Tribunale di Cassino – Sentenza n. 273 del 18.04.2024
In tema di offese a mezzo Facebook non è sempre necessario l’accertamento tecnico in ordine alla titolarità dell’indirizzo IP da cui risultino spediti i messaggi denigratori, potendosi ritenere superfluo qualora il profilo “social” utilizzato sia attribuibile al soggetto imputato sulla base di elementi logici, desumibili dalla convergenza di plurimi e precisi dati indiziari quali il movente, l’argomento del “forum” sul quale i messaggi sono pubblicati, il rapporto tra le parti, la provenienza del “post” dalla bacheca virtuale dello stesso con utilizzo del suo “nickname”.
Con questa recente sentenza il Tribunale di Cassino, occupandosi di uno dei molteplici e sempre più frequenti casi di offese a mezzo gli usuali canali social, ha dettato un importante principio di diritto sancendo la rilevanza della prova indiziaria qualora non siano ritenuti necessari ulteriori accertamenti di natura tecnica per l’individuazione dell’indirizzo IP di provenienza delle frasi e dei contenuti oltraggiosi e denigratori.

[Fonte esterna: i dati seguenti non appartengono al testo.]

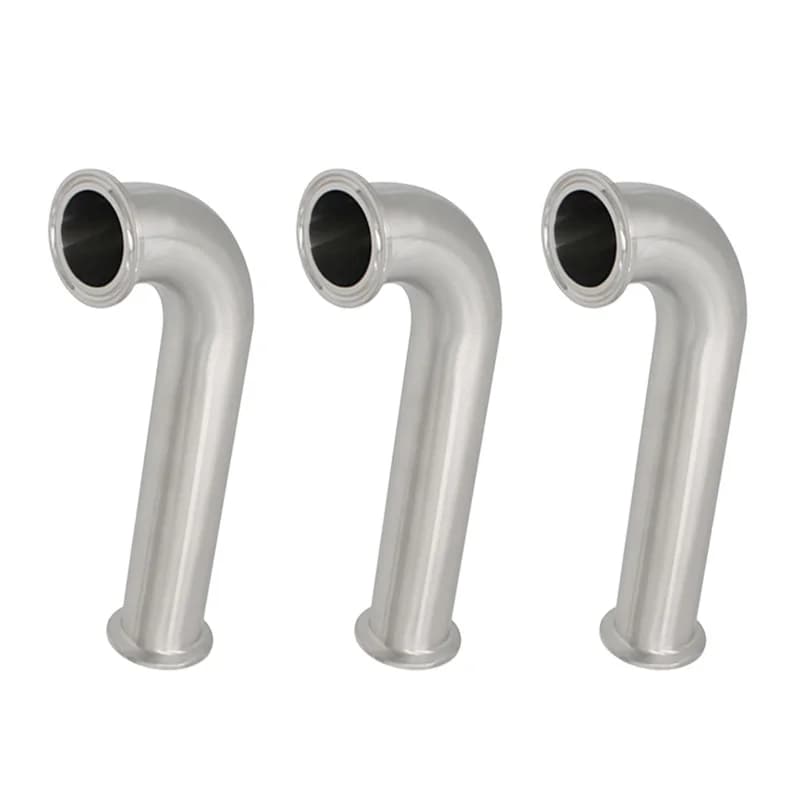 Tri-Clamp aus Edelstahl 304, langer Radius 90 °   Ellenbogen 38 mm 51 mm Sanitärrohrverschraubung für Lebensmittel, Getränke, Brauen, Pharma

In particolare, il Tribunale ha evidenziato come in casi del genere le espressioni utilizzate nei post pubblicati, tali da contenere alcuni riferimenti volti ad individuare la persona offesa in modo chiaro e univoco, anche a dispetto della grossolana alterazione del suo nome, addirittura con l’indicazione precisa dell’indirizzo sede di lavoro della stessa, consentano senza ombra di dubbio di ritenere integrati gli estremi del reato dal momento che non deve ritenersi in alcun modo necessaria la precisa indicazione nominativa del destinatario delle offese.
I Giudici laziali, poi, hanno ulteriormente precisato come ugualmente certa e dimostrata possa ritenersi l’attribuzione al soggetto imputato delle espressioni offensive denunciate allorché vi siano elementi probatori, anche di natura meramente indiziaria, precisi e concordanti in tal senso quali la denominazione del profilo utilizzato, che riproduca il nome e cognome dell’imputato stesso, la sicura conoscenza tra quest’ultimo e la persona offesa e l’esistenza di un movente, ovviamente desumibile di volta in volta dalle risultanze dei mezzi istruttori espletati e dalle risultanze della fase dibattimentale.
In presenza, pertanto, di tali indizi diventa assolutamente non necessario procedere ad ulteriori accertamenti anche di natura tecnica in ordine alla titolarità dell’indirizzo IP da cui risultano spediti i messaggi offensivi, dovendosi ritenere dunque meramente ipotetico e privo di fondamento ogni eventuale dubbio sotto tale profilo per assoluta concordanza, appunto, di plurimi elementi indiziari sui quali fondare legittimamente un giudizio di colpevolezza per il reato ascritto.